Dōgen
eröffnet einen radikal neuen Aspekt des Handelns: Der Zustand des handelnden Buddhas „lehrt die
menschlichen Wesen“. Mit dieser interessanten Formulierung sagt Dōgen nicht,
dass Gautama Buddha als eine bestimmte historische Person die Menschen lehrt, sondern dass sein Handeln, sein wahres, reines Handeln uns lehrt. Dieses Handeln ist gleichzeitig die Tugend und die Wirklichkeit, und diese sind die
Tatsachen der Welt und unseres Lebens. Genau bei diesem Buddha-Handeln gibt es keine Trennung zwischen der Wirklichkeit und
uns und es besteht nach Dōgen keine Abtrennung zwischen uns selbst und anderen Menschen, zwischen
Subjekt und Objekt. Und dieses Handeln als Befreiung
ist unser natürlicher Zustand und steht uns daher allen offen.
Das
Lotus-Sūtra vergleicht diesen Zustand mit den „sich
öffnenden Blumen“, sodass sich auch die Schönheit genau dann ereignet
und verwirklicht. Damit werden die Worte überschritten, wie es auch Meister Ungo Doyo ausdrückt: „Dann sind viele
Worte nicht nützlich.“ Obgleich Dōgen ohne Zweifel geschriebenes und
gesprochenes Wort des Buddha-Dharma sehr hoch schätzt, kennt er sehr wohl die
Grenzen und Möglichkeiten der Sprache und schätzt das wahre, reine Handeln als
Kern des Buddhismus höher ein. Der Mensch ist sozusagen vor Allem der Träger
des Handelns und der Handlungen, das Handeln selbst ist die Hauptsache und es
ist die Wirklichkeit. Nach meiner festen Überzeugung ist dies die tiefe
Bedeutung des Sanskrit-Wortes Karma. Das
Karma prägt unser Leben ganz entscheidend.

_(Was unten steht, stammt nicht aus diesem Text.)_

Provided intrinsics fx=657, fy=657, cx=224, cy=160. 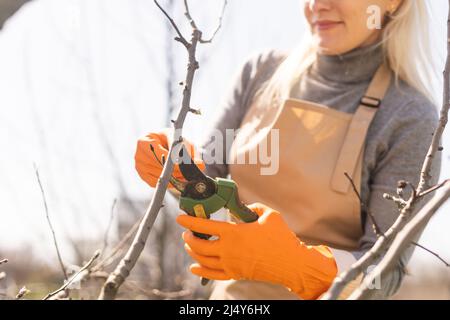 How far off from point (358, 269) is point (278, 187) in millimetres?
1354

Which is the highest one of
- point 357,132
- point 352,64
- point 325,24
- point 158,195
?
point 325,24

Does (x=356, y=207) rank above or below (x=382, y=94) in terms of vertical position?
below

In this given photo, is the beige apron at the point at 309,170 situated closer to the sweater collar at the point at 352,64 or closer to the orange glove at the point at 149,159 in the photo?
the sweater collar at the point at 352,64

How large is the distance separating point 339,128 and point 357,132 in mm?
89

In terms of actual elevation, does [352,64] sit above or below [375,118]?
above

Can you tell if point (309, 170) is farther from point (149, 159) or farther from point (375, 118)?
point (149, 159)

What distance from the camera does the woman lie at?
2244mm

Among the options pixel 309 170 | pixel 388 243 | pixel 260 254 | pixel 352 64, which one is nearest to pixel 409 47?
pixel 352 64

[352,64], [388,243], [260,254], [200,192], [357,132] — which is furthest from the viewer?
[352,64]

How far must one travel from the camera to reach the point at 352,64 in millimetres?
2506

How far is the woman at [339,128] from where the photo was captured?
2.24 meters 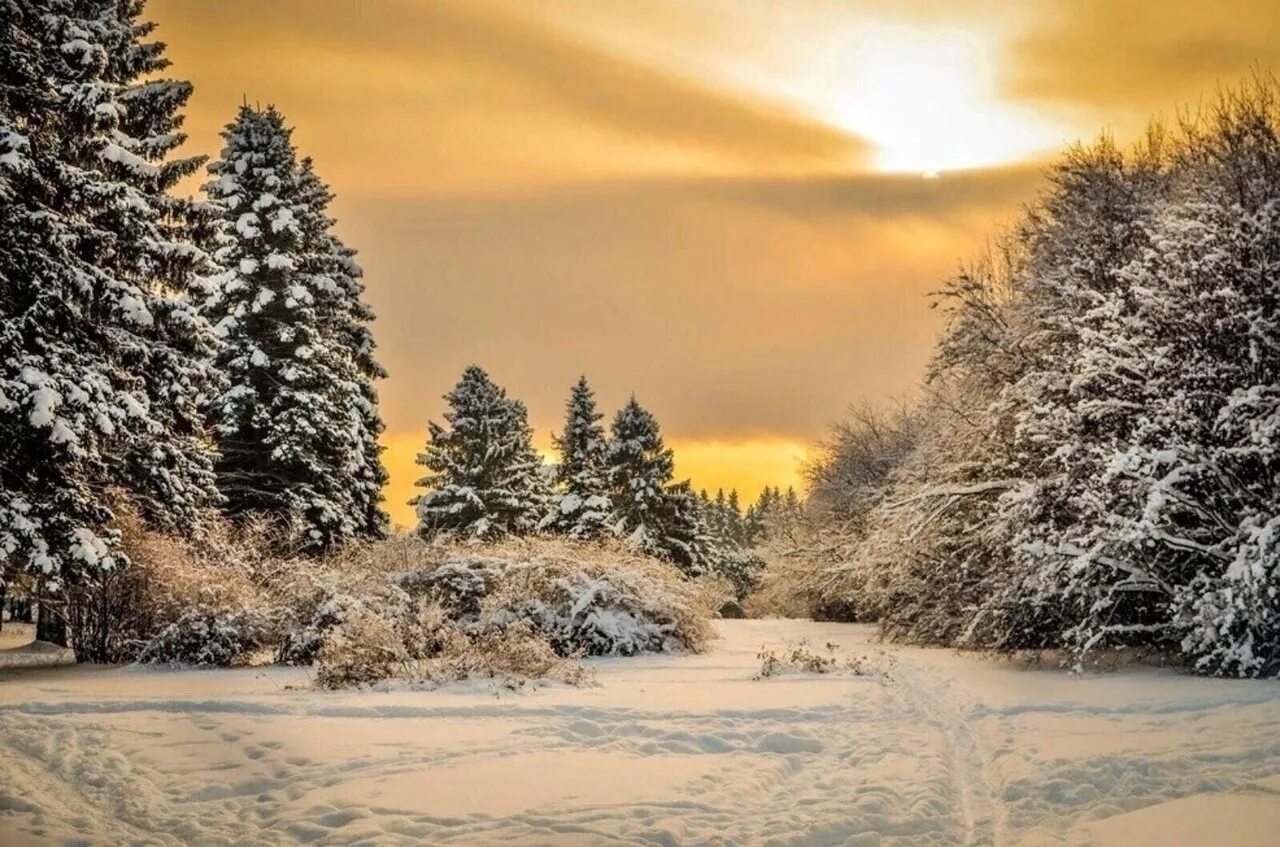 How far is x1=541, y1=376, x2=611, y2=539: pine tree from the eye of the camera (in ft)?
161

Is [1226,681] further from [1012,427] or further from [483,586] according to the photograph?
[483,586]

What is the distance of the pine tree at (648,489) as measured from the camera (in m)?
49.9

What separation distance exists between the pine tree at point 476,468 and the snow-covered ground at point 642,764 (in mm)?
33412

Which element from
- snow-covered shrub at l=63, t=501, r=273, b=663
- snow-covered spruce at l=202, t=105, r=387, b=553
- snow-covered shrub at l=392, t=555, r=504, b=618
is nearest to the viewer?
snow-covered shrub at l=63, t=501, r=273, b=663

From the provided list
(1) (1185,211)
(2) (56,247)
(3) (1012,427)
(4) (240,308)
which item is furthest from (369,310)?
(1) (1185,211)

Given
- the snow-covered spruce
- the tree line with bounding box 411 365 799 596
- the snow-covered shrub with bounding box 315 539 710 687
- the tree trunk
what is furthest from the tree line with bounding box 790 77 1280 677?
the tree line with bounding box 411 365 799 596

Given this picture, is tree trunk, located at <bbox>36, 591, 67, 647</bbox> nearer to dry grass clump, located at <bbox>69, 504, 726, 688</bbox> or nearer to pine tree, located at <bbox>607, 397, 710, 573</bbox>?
dry grass clump, located at <bbox>69, 504, 726, 688</bbox>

Dabei ist falsches Handeln unnatürlich und hat negative Folgen für das
nachfolgende Leben. Wahres Handeln ist Freiheit und Einheit.
Eine
solche Lebensphilosophie des Handelns als Wirklichkeit und Befreiung ist im
Westen kaum bekannt. Hier steht der Mensch als physische und psychische Einheit
im Mittelpunkt, fast wie ein „Ding mit Geist“ und Bewusstsein. Man betrachtet
ihn als Individuum, das bestimmte Gefühlen und Ideen besitzt und sich mehr oder
minder bewusst entscheiden kann. Der Mensch ist danach eine genau definierte
und abgegrenzte Person, er ist da und
handelt dann. Seit den Anfängen der griechischen Philosophie sind zudem das
Handeln und philosophische Denken
voneinander weitgehend getrennt. Bei den
antiken Griechen wird das Handeln grundsätzlich geringer geschätzt als Denken
und Reden, sie stehen – vor allem im Dialog – wie bei Platon im Mittelpunkt.
Bei Dōgen wird die Trennung zwischen dem Ich und den anderen aber gerade durch
das Handeln aufgehoben, im Handeln finden wir die ersehnte Einheit wieder:
„Genau hier und jetzt kommt (das wahre Handeln) vom Tushita-Himmel. Genau hier und jetzt geht es (das wahre Handeln) zum Frieden
und zum Glück.“
Die Bezeichnung „Tushita-Himmel“ wird bisweilen für den Himmel des Amitabha-Buddha
verwendet; Dōgen meint damit auch die Zazen-Praxis. Dadurch wird deutlich: Die
Zazen-Praxis ist also keine Askese, keine anstrengende Trainingseinheit für ein
schwer zu erreichendes Ziel. Es geht auch nicht darum, Schmerzen auszuhalten,
Härte zu zeigen und sich selbst zu beweisen, was man alles durchstehen kann,
sondern Zazen ist der Zustand des Friedens und des Glücks, es ist Handeln in
der reinsten Form und es ist Befreiung.